**Task statement**
Search the listing below for the line containing "Milano ponte front". From there through the line containing "iPhone 16 Plus", transcribe every line exactly, both ends included.

**Exercise inputs**
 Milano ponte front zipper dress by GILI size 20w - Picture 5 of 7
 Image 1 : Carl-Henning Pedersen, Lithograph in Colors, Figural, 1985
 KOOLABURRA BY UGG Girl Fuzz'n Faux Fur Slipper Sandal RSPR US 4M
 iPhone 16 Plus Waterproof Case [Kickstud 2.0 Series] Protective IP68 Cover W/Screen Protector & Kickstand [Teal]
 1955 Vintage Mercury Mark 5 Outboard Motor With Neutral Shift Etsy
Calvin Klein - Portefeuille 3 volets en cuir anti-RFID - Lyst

==

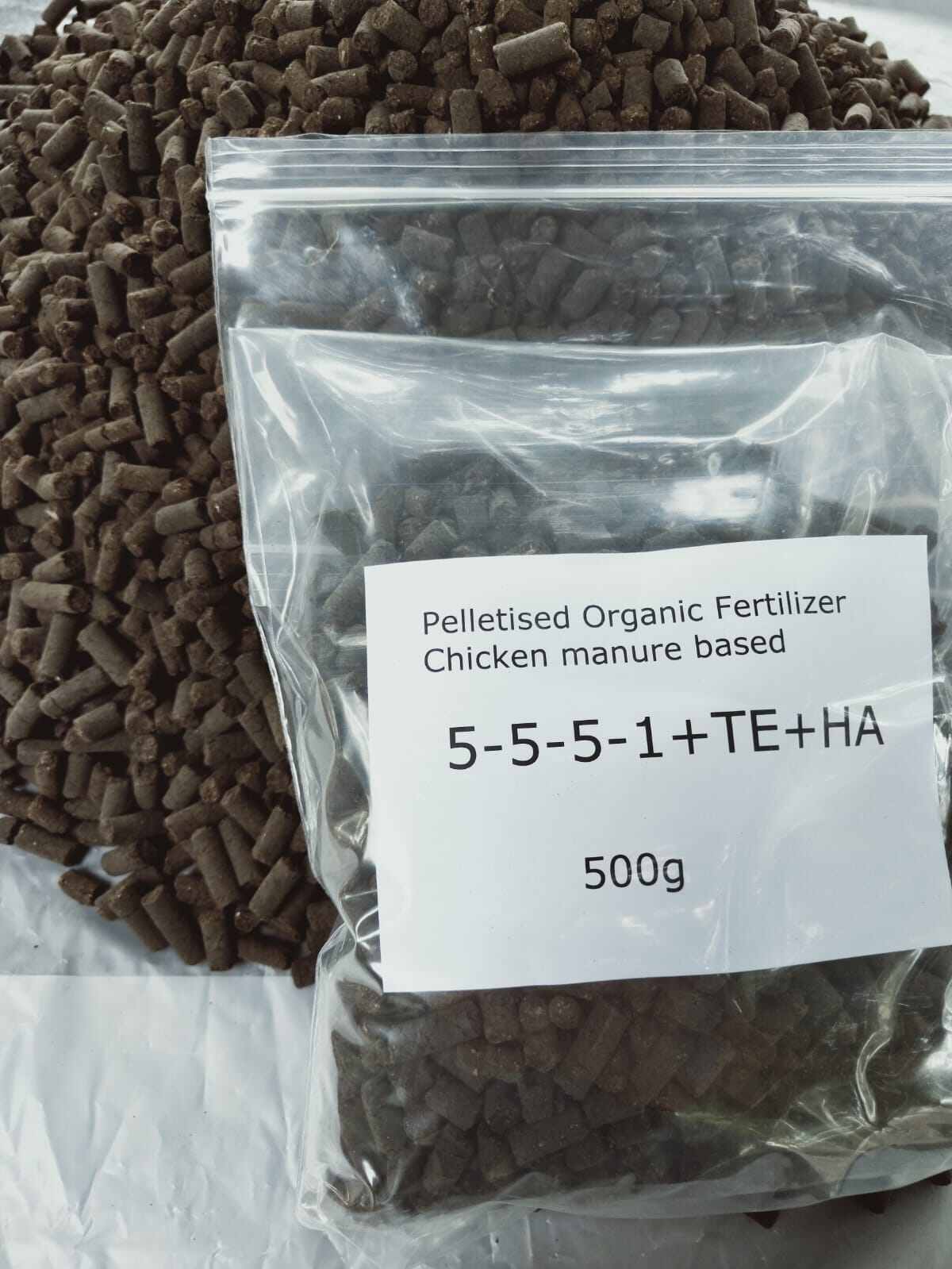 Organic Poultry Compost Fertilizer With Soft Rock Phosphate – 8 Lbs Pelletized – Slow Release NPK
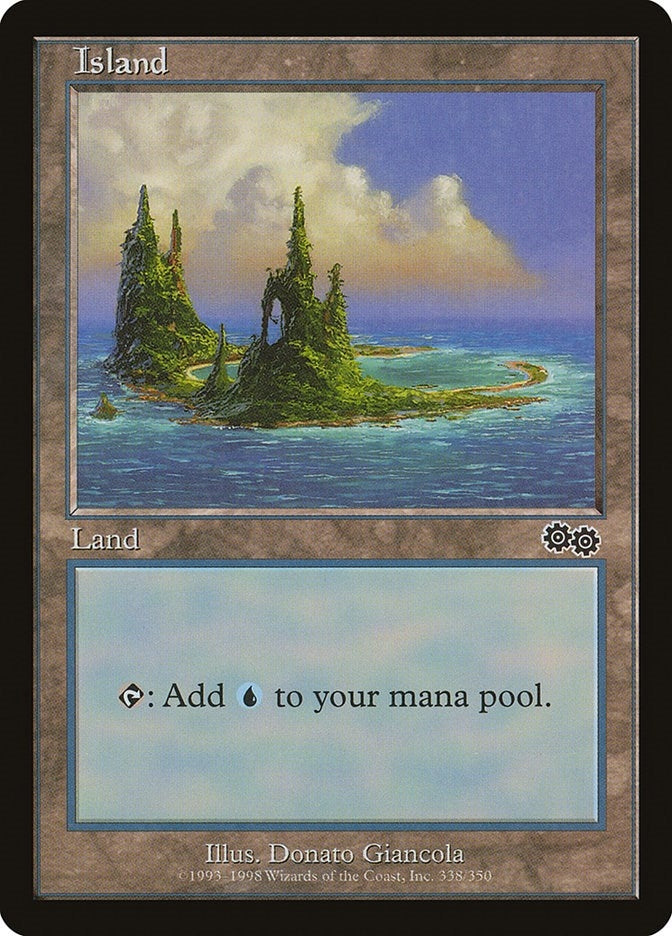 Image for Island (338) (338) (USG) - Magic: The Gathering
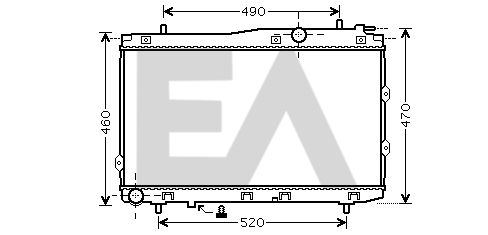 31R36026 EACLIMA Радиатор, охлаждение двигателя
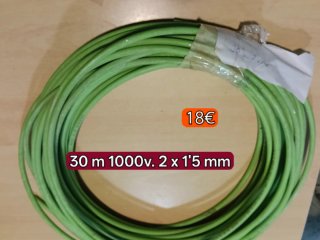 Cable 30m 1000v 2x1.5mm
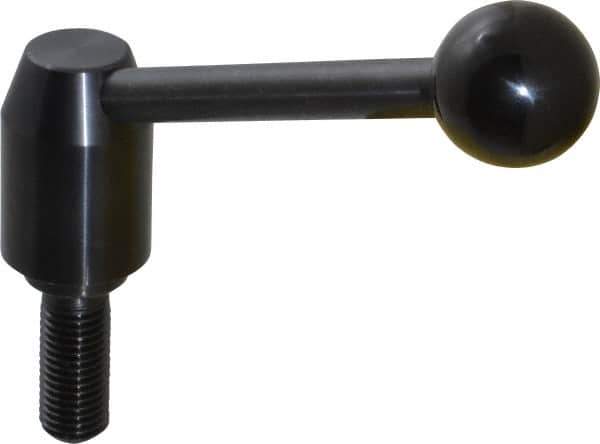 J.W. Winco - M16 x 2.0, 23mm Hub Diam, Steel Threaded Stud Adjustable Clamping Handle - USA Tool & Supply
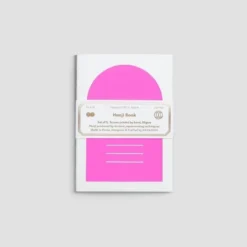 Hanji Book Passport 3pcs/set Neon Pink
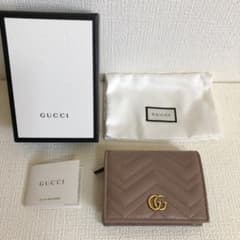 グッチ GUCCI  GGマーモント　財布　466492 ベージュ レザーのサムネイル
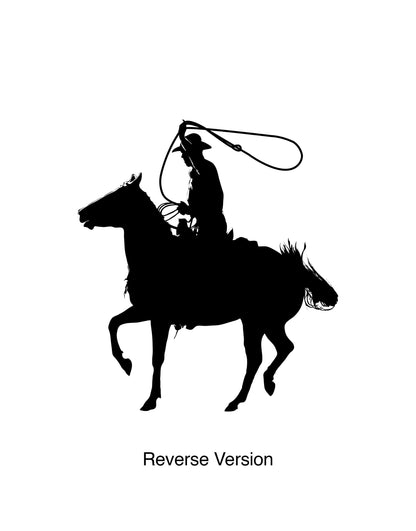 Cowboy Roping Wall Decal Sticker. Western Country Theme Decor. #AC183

--

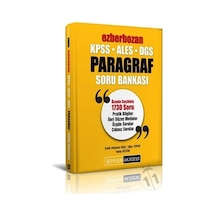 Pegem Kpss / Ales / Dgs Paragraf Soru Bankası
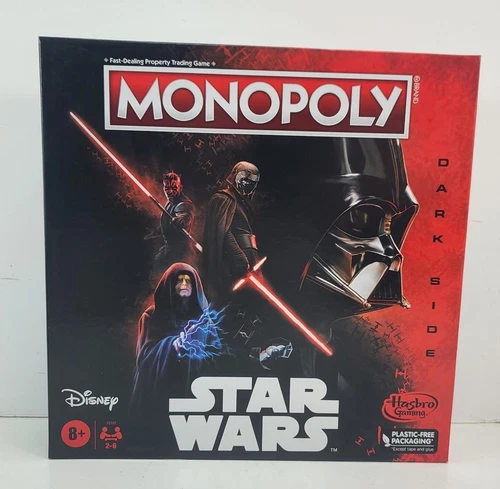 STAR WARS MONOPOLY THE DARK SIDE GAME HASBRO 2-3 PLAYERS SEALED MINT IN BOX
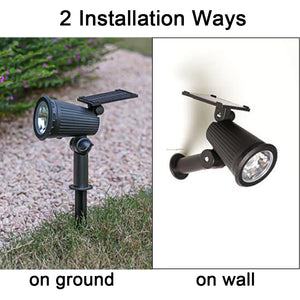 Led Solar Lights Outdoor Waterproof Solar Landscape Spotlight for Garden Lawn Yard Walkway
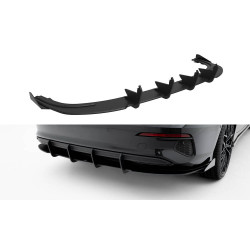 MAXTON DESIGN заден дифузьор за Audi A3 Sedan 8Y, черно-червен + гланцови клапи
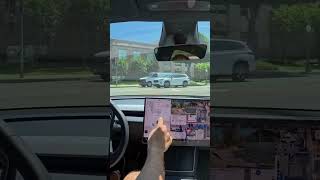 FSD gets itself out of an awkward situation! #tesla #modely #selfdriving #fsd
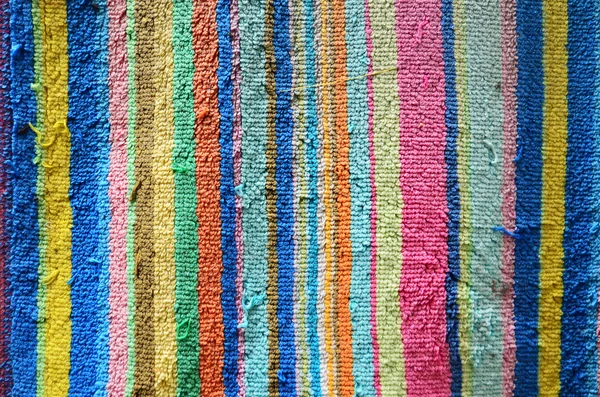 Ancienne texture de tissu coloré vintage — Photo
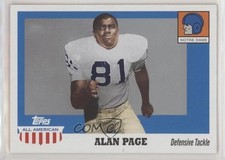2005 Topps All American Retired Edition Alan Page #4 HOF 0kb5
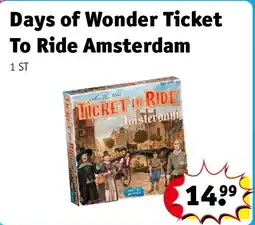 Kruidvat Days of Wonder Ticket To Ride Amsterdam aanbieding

**Answer section**
 Milano ponte front zipper dress by GILI size 20w - Picture 5 of 7
 Image 1 : Carl-Henning Pedersen, Lithograph in Colors, Figural, 1985
 KOOLABURRA BY UGG Girl Fuzz'n Faux Fur Slipper Sandal RSPR US 4M
 iPhone 16 Plus Waterproof Case [Kickstud 2.0 Series] Protective IP68 Cover W/Screen Protector & Kickstand [Teal]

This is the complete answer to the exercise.